Short descriptive text snippets:
■ ■ ■ ■ ■

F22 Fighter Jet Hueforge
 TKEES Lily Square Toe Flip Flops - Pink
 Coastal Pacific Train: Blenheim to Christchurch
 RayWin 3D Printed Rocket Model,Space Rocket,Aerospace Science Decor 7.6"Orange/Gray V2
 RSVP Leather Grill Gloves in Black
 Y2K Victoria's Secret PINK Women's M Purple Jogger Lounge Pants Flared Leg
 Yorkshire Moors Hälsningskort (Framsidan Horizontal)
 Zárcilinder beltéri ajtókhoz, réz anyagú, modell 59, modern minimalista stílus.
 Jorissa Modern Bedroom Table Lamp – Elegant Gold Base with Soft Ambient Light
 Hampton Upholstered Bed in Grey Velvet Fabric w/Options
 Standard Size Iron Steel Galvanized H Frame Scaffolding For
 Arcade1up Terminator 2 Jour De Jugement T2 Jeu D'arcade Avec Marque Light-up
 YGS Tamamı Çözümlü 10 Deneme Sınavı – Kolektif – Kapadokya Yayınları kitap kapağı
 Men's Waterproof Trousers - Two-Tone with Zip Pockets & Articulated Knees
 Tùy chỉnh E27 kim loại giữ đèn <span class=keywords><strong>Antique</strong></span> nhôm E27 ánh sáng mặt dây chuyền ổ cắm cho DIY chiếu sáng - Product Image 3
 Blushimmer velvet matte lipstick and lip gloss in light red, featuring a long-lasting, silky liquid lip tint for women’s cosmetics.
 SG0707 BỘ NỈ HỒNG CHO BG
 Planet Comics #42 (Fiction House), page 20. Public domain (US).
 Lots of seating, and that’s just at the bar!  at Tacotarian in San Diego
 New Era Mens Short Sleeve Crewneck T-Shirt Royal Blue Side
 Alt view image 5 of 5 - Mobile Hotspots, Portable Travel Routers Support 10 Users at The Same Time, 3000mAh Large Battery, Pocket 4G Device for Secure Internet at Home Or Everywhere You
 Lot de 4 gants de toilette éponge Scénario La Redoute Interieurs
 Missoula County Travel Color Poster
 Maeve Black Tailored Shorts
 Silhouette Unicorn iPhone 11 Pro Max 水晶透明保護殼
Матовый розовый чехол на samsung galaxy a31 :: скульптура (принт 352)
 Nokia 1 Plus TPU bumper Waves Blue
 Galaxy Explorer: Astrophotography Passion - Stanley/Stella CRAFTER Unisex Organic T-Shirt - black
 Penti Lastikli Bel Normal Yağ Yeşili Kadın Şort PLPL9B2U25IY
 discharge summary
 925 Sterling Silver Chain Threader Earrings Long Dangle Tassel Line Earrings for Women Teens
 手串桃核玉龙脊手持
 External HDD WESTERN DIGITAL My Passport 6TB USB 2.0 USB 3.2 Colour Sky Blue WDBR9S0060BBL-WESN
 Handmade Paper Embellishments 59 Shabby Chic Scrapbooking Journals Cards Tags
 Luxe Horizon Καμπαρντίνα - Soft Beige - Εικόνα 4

■ ■ ■ ■ ■

What you need to do: Would you retype the lines above from the one with "RSVP Leather Grill Gloves in Black" down to the one with "Jorissa Modern Bedroom", word for word, both ends included and no other lines?

Output below:
 RSVP Leather Grill Gloves in Black
 Y2K Victoria's Secret PINK Women's M Purple Jogger Lounge Pants Flared Leg
 Yorkshire Moors Hälsningskort (Framsidan Horizontal)
 Zárcilinder beltéri ajtókhoz, réz anyagú, modell 59, modern minimalista stílus.
 Jorissa Modern Bedroom Table Lamp – Elegant Gold Base with Soft Ambient Light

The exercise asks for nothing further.